Советы навряд ли тревожила весьма маловероятная перспектива того, что химерическая Белая Армия сумеет когда-либо возобновить военные действия против их слитной махины; но то обстоятельство, что крохи информации об их фортах и фабриках, собираемые пронырами из Б.Б., автоматически попадают в благодарные немецкие руки, раздражало их чрезвычайно. Немцев же мало интересовали трудноразличимые цветовые оттенки эмигрантской политики, — но сердил бестолковый патриотизм председателя Б.Б., время от времени воздвигавшего на этических основаниях препоны гладкому потоку дружеского сотрудничества.

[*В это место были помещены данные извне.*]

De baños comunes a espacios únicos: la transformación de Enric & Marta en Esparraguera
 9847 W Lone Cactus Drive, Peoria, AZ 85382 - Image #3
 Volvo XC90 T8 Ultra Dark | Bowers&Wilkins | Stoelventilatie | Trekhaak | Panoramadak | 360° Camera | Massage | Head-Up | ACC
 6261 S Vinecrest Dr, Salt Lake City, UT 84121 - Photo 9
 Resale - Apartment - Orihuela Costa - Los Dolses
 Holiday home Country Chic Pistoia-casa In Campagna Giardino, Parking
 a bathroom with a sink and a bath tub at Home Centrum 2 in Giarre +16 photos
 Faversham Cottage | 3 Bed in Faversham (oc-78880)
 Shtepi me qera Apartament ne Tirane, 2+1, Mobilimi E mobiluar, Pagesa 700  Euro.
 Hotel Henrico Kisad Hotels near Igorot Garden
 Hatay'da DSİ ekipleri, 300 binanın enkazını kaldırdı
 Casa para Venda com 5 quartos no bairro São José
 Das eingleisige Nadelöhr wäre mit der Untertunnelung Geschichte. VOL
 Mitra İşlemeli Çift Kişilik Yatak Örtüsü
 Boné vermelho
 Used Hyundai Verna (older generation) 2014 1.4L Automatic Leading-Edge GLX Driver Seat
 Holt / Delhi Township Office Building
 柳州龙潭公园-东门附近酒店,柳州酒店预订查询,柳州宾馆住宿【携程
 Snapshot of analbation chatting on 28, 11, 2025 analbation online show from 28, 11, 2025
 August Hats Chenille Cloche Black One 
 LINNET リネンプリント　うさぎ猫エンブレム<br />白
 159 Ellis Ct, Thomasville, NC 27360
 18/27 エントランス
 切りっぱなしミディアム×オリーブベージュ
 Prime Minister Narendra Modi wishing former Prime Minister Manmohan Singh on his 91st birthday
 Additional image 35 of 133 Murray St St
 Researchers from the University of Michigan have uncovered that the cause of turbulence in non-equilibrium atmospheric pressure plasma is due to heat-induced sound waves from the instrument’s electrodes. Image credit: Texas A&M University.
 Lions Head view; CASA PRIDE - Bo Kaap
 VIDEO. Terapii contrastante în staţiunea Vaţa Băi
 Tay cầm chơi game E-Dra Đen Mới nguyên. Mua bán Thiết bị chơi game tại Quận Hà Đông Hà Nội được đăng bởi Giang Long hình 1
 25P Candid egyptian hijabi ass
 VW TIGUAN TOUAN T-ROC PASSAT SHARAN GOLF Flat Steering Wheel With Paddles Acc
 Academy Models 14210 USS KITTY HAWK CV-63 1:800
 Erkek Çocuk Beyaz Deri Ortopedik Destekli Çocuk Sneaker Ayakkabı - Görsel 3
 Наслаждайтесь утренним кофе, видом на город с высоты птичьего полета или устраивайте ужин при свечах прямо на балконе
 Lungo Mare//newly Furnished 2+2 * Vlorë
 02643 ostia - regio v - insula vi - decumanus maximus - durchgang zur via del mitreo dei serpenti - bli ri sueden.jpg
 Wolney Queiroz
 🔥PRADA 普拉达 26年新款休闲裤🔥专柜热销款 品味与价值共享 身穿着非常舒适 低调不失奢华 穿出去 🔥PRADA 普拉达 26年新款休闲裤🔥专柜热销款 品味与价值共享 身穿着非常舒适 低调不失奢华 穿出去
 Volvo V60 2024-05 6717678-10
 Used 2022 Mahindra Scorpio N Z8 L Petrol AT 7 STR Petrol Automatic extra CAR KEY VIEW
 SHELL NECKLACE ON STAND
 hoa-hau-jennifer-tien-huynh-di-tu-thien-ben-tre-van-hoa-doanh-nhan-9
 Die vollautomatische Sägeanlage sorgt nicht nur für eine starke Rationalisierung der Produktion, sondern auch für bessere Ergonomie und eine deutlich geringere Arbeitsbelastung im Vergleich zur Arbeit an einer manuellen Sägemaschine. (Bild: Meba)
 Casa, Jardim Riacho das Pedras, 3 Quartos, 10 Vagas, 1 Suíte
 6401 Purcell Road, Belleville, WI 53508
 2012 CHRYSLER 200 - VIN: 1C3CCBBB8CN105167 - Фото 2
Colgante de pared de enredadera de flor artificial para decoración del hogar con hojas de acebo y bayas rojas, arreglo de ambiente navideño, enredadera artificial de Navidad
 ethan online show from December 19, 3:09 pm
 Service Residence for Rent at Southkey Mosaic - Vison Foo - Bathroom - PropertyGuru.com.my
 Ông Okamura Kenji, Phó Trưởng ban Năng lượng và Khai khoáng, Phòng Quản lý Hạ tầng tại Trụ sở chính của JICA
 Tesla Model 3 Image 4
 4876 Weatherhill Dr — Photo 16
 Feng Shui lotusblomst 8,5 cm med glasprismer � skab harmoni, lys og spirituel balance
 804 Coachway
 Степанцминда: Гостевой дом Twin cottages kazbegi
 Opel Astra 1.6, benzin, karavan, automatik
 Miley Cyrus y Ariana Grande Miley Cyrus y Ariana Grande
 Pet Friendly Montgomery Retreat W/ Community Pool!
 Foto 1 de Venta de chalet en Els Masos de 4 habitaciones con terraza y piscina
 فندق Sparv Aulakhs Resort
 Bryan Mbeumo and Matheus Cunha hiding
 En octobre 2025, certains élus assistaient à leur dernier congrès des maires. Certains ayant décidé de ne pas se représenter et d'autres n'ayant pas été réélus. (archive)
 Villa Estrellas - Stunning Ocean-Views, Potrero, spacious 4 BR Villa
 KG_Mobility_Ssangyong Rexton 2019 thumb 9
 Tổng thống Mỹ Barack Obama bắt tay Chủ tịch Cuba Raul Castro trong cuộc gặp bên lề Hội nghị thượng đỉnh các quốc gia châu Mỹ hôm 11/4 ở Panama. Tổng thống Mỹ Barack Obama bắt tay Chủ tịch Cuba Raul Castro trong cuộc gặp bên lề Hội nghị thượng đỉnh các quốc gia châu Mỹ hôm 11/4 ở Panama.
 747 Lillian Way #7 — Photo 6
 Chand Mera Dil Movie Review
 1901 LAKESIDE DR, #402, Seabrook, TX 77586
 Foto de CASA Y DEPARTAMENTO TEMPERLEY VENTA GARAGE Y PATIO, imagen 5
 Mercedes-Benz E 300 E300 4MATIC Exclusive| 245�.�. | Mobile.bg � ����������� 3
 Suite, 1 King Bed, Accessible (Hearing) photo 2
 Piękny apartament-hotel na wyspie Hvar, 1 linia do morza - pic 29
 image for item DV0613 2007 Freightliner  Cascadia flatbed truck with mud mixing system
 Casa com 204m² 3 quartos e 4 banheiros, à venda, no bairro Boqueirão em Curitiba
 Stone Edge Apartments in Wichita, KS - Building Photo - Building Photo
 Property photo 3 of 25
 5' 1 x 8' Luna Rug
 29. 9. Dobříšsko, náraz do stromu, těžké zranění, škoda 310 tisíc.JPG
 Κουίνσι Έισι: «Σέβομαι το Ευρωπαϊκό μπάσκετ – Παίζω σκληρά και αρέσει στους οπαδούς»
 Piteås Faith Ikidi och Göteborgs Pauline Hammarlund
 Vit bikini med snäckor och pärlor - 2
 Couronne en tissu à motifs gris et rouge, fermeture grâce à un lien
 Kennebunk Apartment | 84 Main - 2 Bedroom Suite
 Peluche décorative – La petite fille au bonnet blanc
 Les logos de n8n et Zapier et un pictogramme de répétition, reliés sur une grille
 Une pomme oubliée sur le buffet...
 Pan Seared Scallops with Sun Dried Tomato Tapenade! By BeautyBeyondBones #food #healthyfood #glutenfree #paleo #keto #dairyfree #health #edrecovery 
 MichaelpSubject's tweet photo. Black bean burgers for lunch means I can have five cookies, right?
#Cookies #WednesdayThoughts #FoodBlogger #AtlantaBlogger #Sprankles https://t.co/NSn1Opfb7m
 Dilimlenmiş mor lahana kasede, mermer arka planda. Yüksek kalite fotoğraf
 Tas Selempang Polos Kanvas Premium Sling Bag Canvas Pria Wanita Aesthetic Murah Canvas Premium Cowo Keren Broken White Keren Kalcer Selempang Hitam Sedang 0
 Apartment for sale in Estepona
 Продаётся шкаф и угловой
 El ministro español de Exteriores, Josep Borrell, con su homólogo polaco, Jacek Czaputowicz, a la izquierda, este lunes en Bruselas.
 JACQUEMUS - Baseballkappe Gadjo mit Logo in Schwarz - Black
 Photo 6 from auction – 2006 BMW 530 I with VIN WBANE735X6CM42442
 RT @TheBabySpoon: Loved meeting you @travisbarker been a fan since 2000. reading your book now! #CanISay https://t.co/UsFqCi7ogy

Получалось, что Голубкова едва ли не Бог послал. Советы питали твердую уверенность, что при его главенстве все шпионы Б.Б. будут им ведомы и хитроумно снабжаемы ложными сведеньями на жадную немецкую потребу. Равно и немцы не сомневались, что сумеют при нем внедрить изрядное множество своих абсолютно надежных людей в ряды обычных агентов Б.Б. Ни одна из сторон не обманывалась касательно преданности Голубкова, но каждая надеялась обратить к собственной выгоде его переменчивое вероломство. Ну а чаяния простых русских людей, семейств, тяжко трудящихся в отдаленных частях российской диаспоры, перебиваясь скудным, но честным промыслом, словно и не покидали они Саратова или Твери, растящих хилых детей и наивно почитающих Б.Б. своего рода рыцарством Круглого Стола, олицетворяющим все, что было и будет милого, достойного, сильного на баснословной Руси, — эти чаянья наверняка покажутся монтажерам чрезмерным уклонением от главной темы картины.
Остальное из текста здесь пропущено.